I must admit that I too hinge much of my theology on human freedom. I often say that the bad things that happen to man are the result of his previous poor choices and they are not the will of God. I rail against those who claim that everything that happens on earth is God’s will or that every baby born of rape was God’s will. I absolutely disagree that every baby that dies in childbirth is what God wanted. Free will is indeed a lynchpin of my theology. I put everything back on me. It was my choice.
I totally rejected predestination as much as my Calvinist friends cling to it. They think God has chosen them to be in heaven but generally damns most to hell. But I did believe that somehow God hides his grace from those who don’t work hard to find it and personally accept it. I believed that God is only gracious to those who have been baptized in his name. He would be gracious to me if I jumped through all the hoops that my clergyman put in front of me. If I didn’t do that or failed to say the right words that God would turn his back on me and push me into hell. In other words I put condition after condition on God’s grace.

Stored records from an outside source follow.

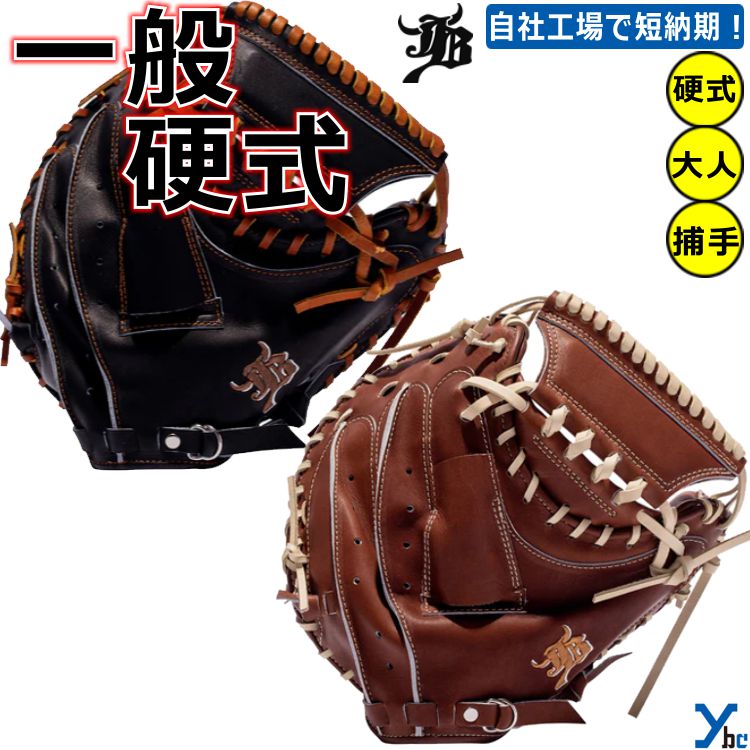 Catcher - 【刺繍サービス 硬式グローブ】和牛JB WAGYUJB 野球 捕手用 キャッチャー JB002S ポケット浅め 一般用 大人用 刺繍 ギア 軽量 グローブ キャッチャーミット ybc 2022 プレゼント
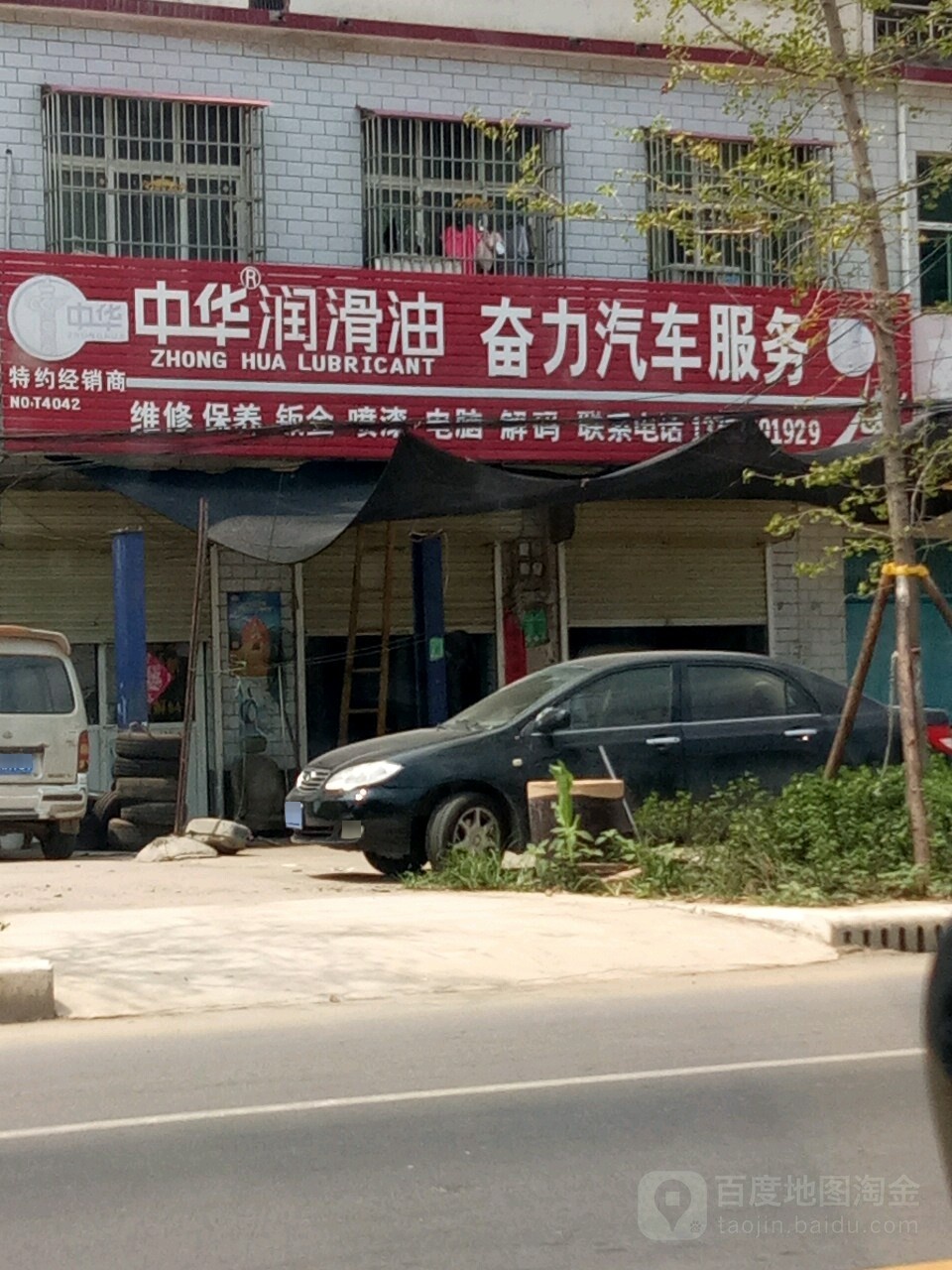 奋力汽车服务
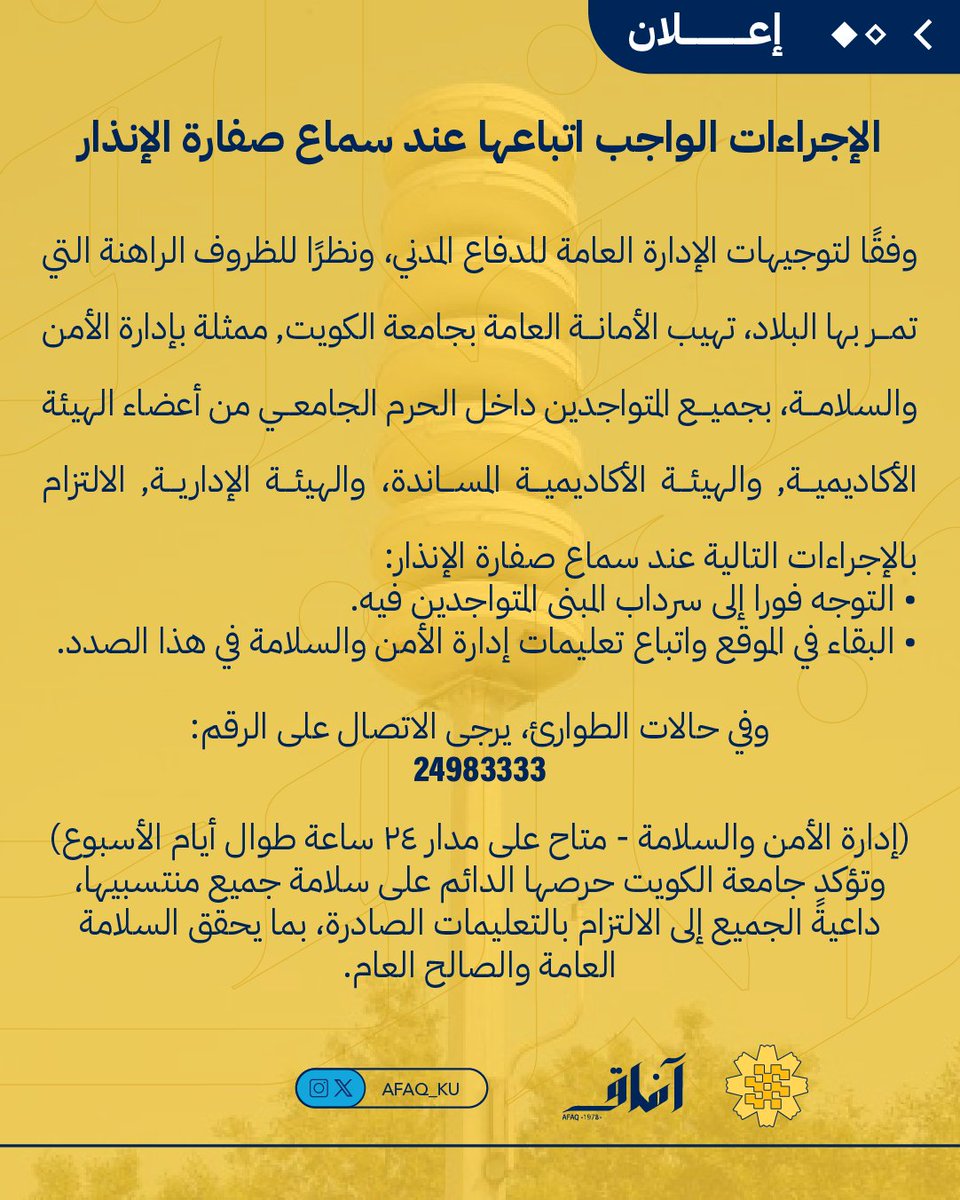 Afaq_ku's tweet photo. ضمن مسؤوليتنا الإعلامية، نشارككم الإرشادات المعتمدة من الجهات المختصة حول ما ينبغي فعله عند سماع صافرة الإنذار، تعزيزًا للوعي والسلامة العامة.
حفظ الله الكويت وشعبها، وأدام عليها الأمن والأمان. https://t.co/Yhz3UozBol
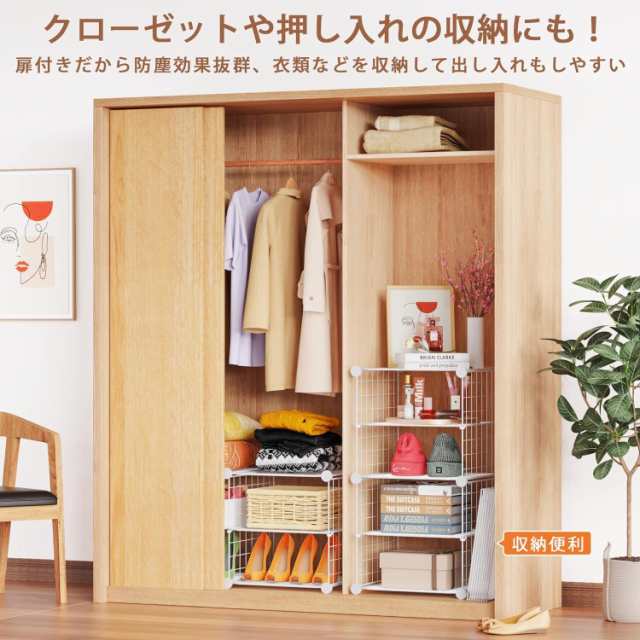 クローゼット 収納ボックス 収納ラック 衣類収納 ラック 衣装 クローゼット 収納ボックス 収納ラック 衣類収納 ラック 衣装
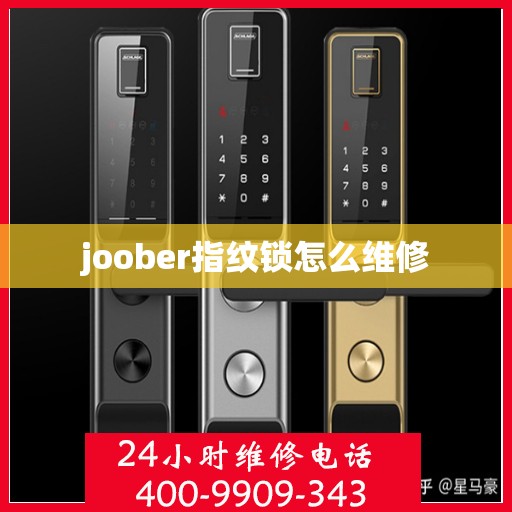 joober指纹锁怎么维修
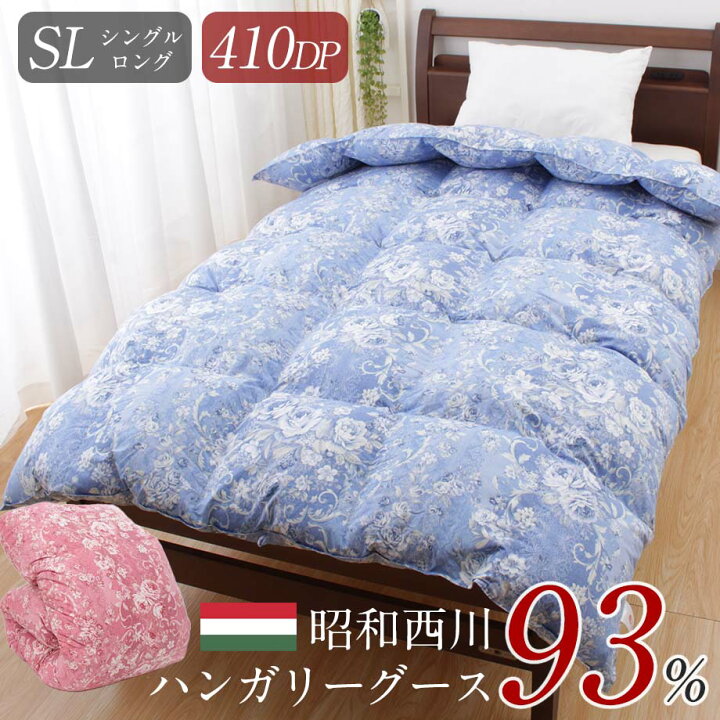 楽天市場】＼SS価格／昭和西川 羽毛布団 シングル SL 150×210  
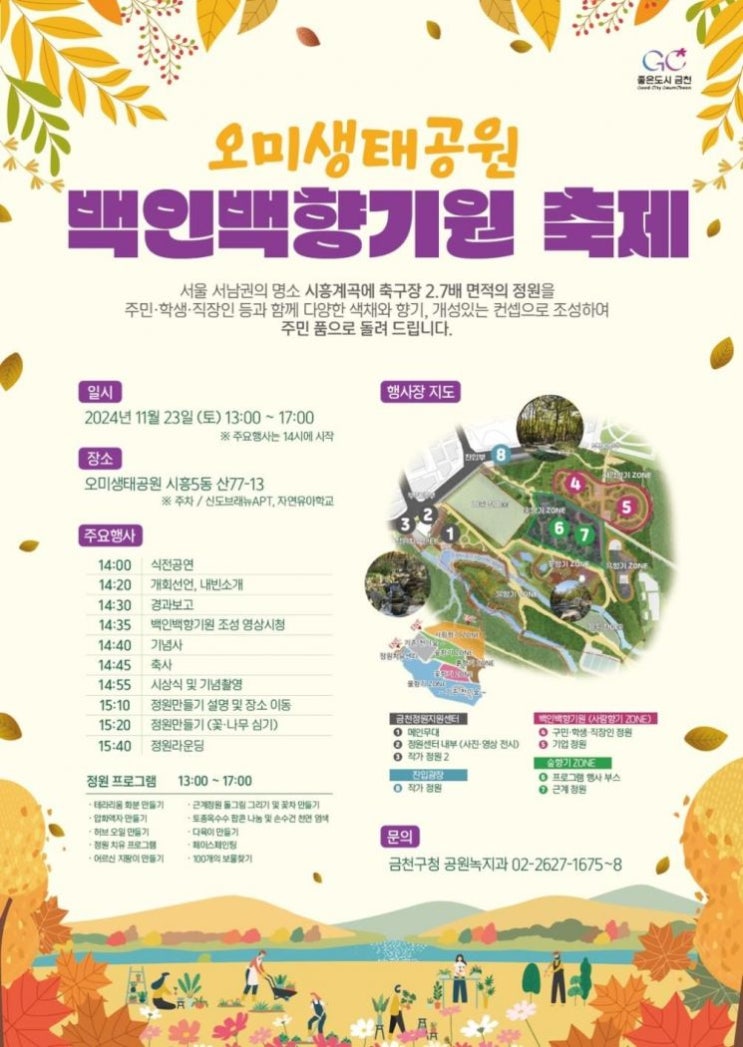  오미생태공원 백인백향기원 축제 서울 금천구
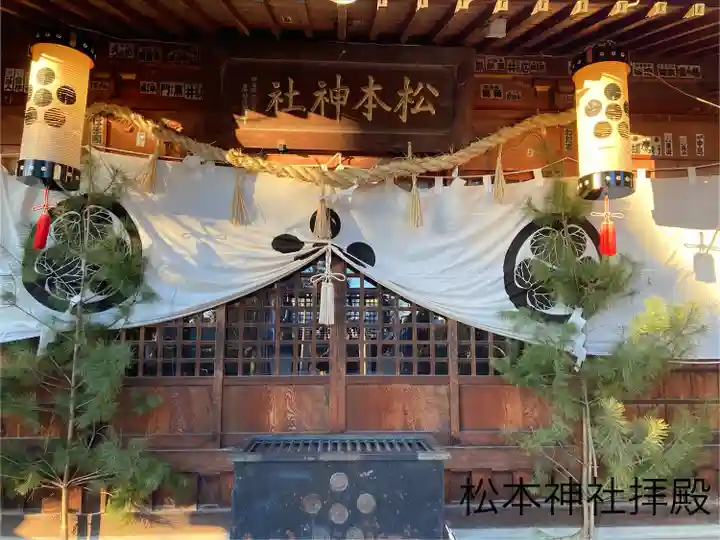 松本神社(長野県)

It was only after much prayer and meditation that I come to the conclusion that Jesus didn’t come to give us a magic formula for salvation that he hid away for us to discover. Jesus told us that God loves us all and the only thing he asks is that we love him back and to love each other as he loves us. Given the hell and damnation that many of us grew up with this simple lesson is hard to accept.
I have come to apply Occam’s Razor to my beliefs in this area. We tend to try to complicate everything we touch. We add conditions and rules to everything. But as Occam said oftentimes the simplest solution is the best one. God told us through Jesus that He loves us all and wants all of us to be with him. Why shouldn’t I accept that simple statement as the real truth? Why do I insist on taking that power away from God?
I am saddened by how many people are afraid of God, projecting their negative experiences with parents and the Church onto God. Often we’ve reinforced these false images of God. I assured Susan her Father in heaven was different from her earthly father. I could tell she wanted to believe me but still hesitated.
Susan asked me, “What if you’re wrong, and I believe you and go to hell?” I replied, “Do you really think God would damn you to hell for overestimating his love?”
Susan didn’t leave our church. In the following years, she cautiously opened her heart and mind to the notion that God could speak to her and she could experience him directly. But more than that, as her awareness of God’s love increased, she began to suspect God felt about everyone the way he felt about her. She began to believe something beautiful about God.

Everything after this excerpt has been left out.